In order to develop more efficient dehydrogenation catalysts for the LOHC technology, we explore bimetallic catalyst systems in this contribution. In this context, well-known catalysts from petrochemical and refinery processes11–15 represent a good starting point. For example, a team of the Chevron Research Company patented in 1968 a Pt–Re/Al2O3 system for the catalytic reforming process of sulphur-free naphtha.12 With the establishment of bimetallic Pt–Re systems in catalytic reforming, similar catalysts were also applied in the gas phase dehydrogenation of methylcyclohexane to toluene. In this respect, various research groups demonstrated a similar or even reduced dehydrogenation activity when compared to monometallic platinum catalysts.13–17 Contrary, van Trimpont et al. investigated kinetic effects of Re in bimetallic Pt–Re/Al2O3 catalysts.14 For a monometallic Pt/Al2O3 catalyst, the reaction rate decreased with increasing partial pressure of hydrogen, while the rate remained constant for the platinum–rhenium system.14 In general, literature mostly ascribes the major benefits of Re (typically in combination with sulphur modification) to a suppressed coke formation18 and a physical stabilization of the active Pt phase.12,19 For example, an increased thermal stability of Pt against sintering at elevated temperatures has been observed for bimetallic Pt–Re systems.20 Yermakov et al. attribute this property to the strong bond between rhenium and alumina, which maintains a high platinum dispersion through interaction with platinum.20 Opposing conclusions on the influence of rhenium in Pt–Re catalysts are reported for reaction kinetics, which has been summarized by Alhumaidan et al.21

The development of efficient and stable catalysts for hydrogen release from LOHC systems is crucial to meet the economic and ecological demands of this upcoming hydrogen storage technology. In detail, we study the influence of rhenium promotion on the active platinum phase in the dehydrogenation of H12-BT. Pt–Re/Al2O3 catalysts with various compositions are prepared via wet impregnation and compared to monometallic Pt/Al2O3 catalysts. Conventional characterization techniques as well as in situ X-ray absorption spectroscopy are employed to identify structural and electronic effects induced by the presence of rhenium in the catalyst material.

Methodology

Chloroplatinic acid (Pt content ≥37.5 mol%), rhenium(VII) oxide (Re content ≥76.5 mol%), ethanol (purity ≥99.8%), and isopropanol (purity ≥99.9%) were purchased from Sigma Aldrich. These chemicals were used as received. Benzyltoluene (H0-BT, Marlotherm® LH) was purchased from Eastman Chemical Company (Marlotherm LH) and hydrogenated at 300 °C and 30 bar H2 using a commercial Pt–Pd/Al2O3 catalyst (EleMax H, Clariant Produkte GmbH, Germany) in a trickle bed reactor set-up yielding a final purity of >99.4% H12-BT with minor impurities of partially hydrogenated benzyl toluene (H6-BT). Boehmite (PURAL TH300) was purchased from Sasol Germany and heated to 550 °C for 3 h in a muffle furnace under ambient atmosphere to yield the alumina support.

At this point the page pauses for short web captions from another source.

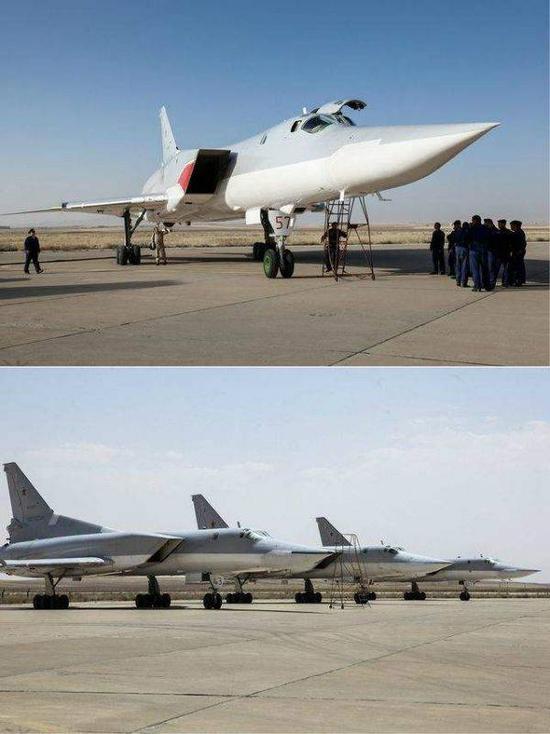 8月15日，伊朗哈马丹空军基地，一队俄罗斯轰炸机泊停在停机坪上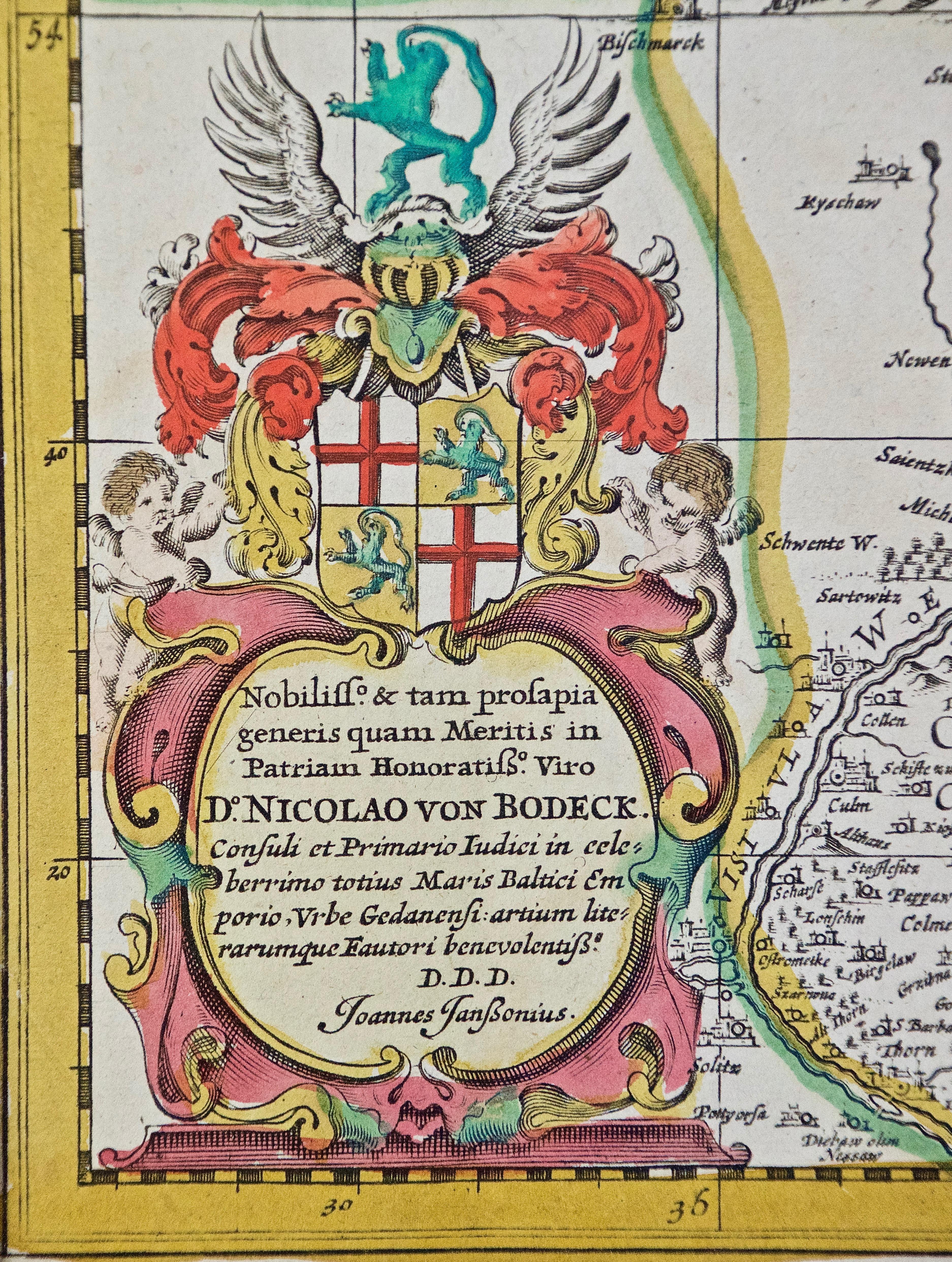 Prussia, Polen, N. Deutschland, usw.: Eine handkolorierte Karte aus dem 17. Jahrhundert von Janssonius (Graviert) im Angebot
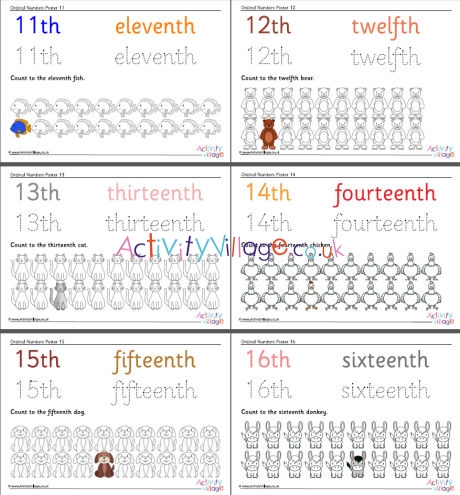 Ordinal numbers posters 11 to 20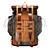 Handmade Rustic Leather Backpack 3D model small image 6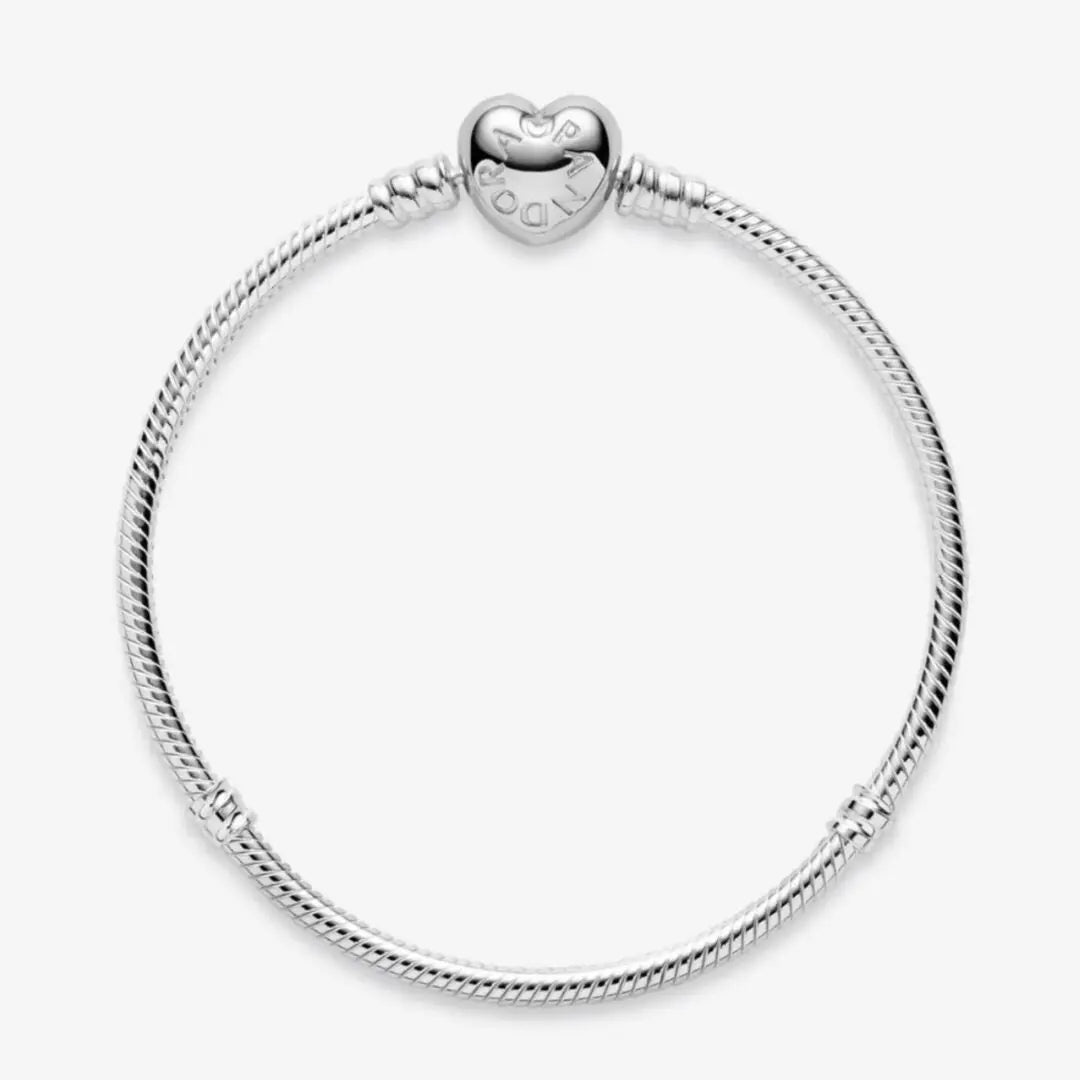 Pandora Moments Heart Clasp Snake Chain Bracelet - Danson Jewelers Silver Jewelry 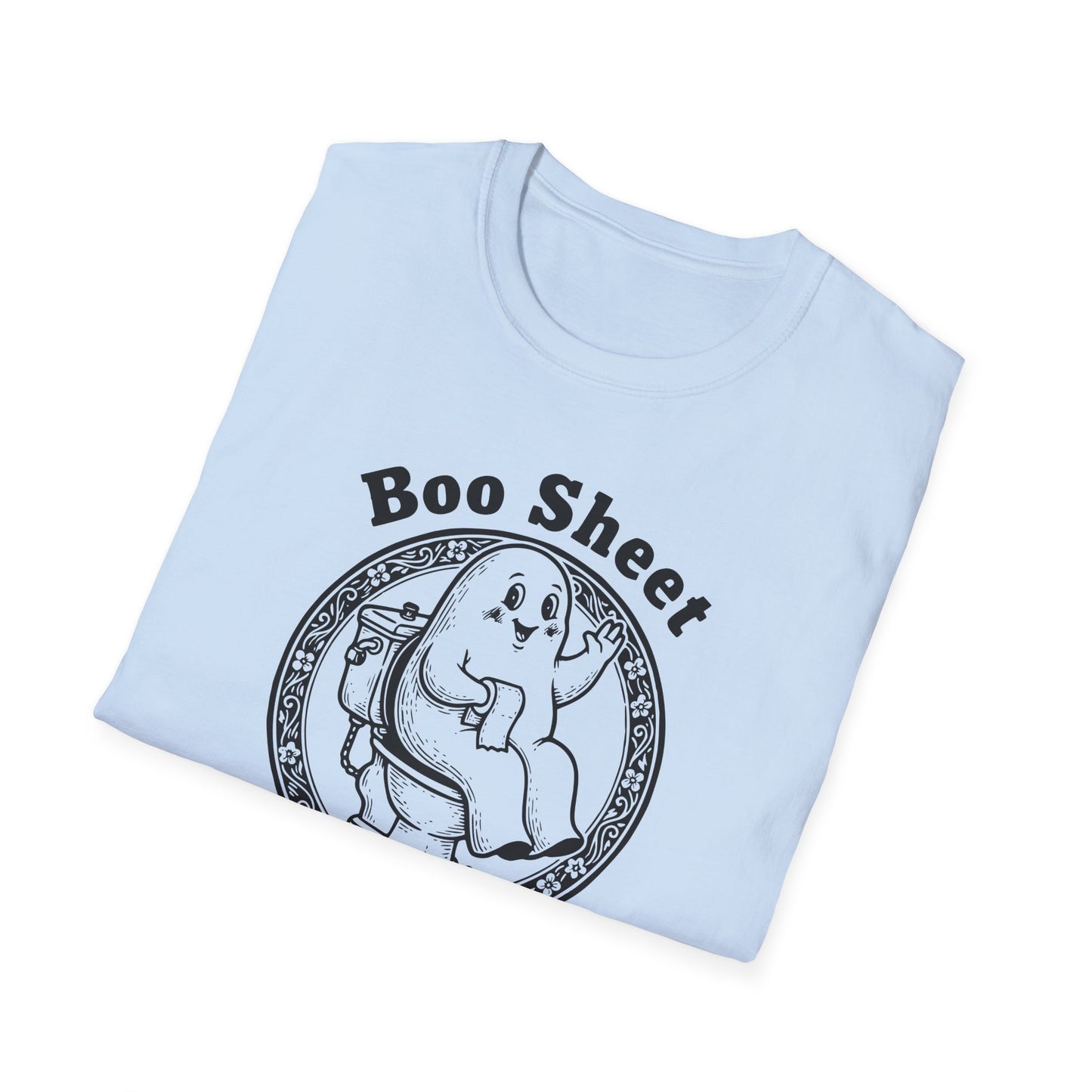 Boo Sheet T-Shirt — Funny Ghost on Toilet Halloween Tee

The catalysts were prepared via wet impregnation with ion adsorption. A precursor solution was prepared using ultrapure water and an appropriate amount of H2[PtCl6] as well as Re2O7. A molarity of 3.08 × 10−2 mmol L−1 (0.05 wt% platinum) was targeted, which results in a pH of 2–3. Subsequently, the calculated amount of alumina was added immediately to the as-prepared impregnation solution targeting a Pt loading of 0.3 wt% and Re loadings of 0, 0.03, 0.15, 0.30, or 0.90 wt%. The resulting dispersion was stirred for 10 min. The dispersion was then transferred to a rotary evaporator at 50 °C to remove the water solvent. A drying sequence with a total duration of 3 h and four subsequent steps between 140 and 20 mbar was then applied (Table S1 in ESI) to evaporate all water to dryness under low pressure. Calcination of the dried catalyst was conducted in a Nabertherm L9/11 muffle furnace at 400 °C for 4 h under a flow of 300 mL min−1 air with a heating ramp of 10 °C min−1.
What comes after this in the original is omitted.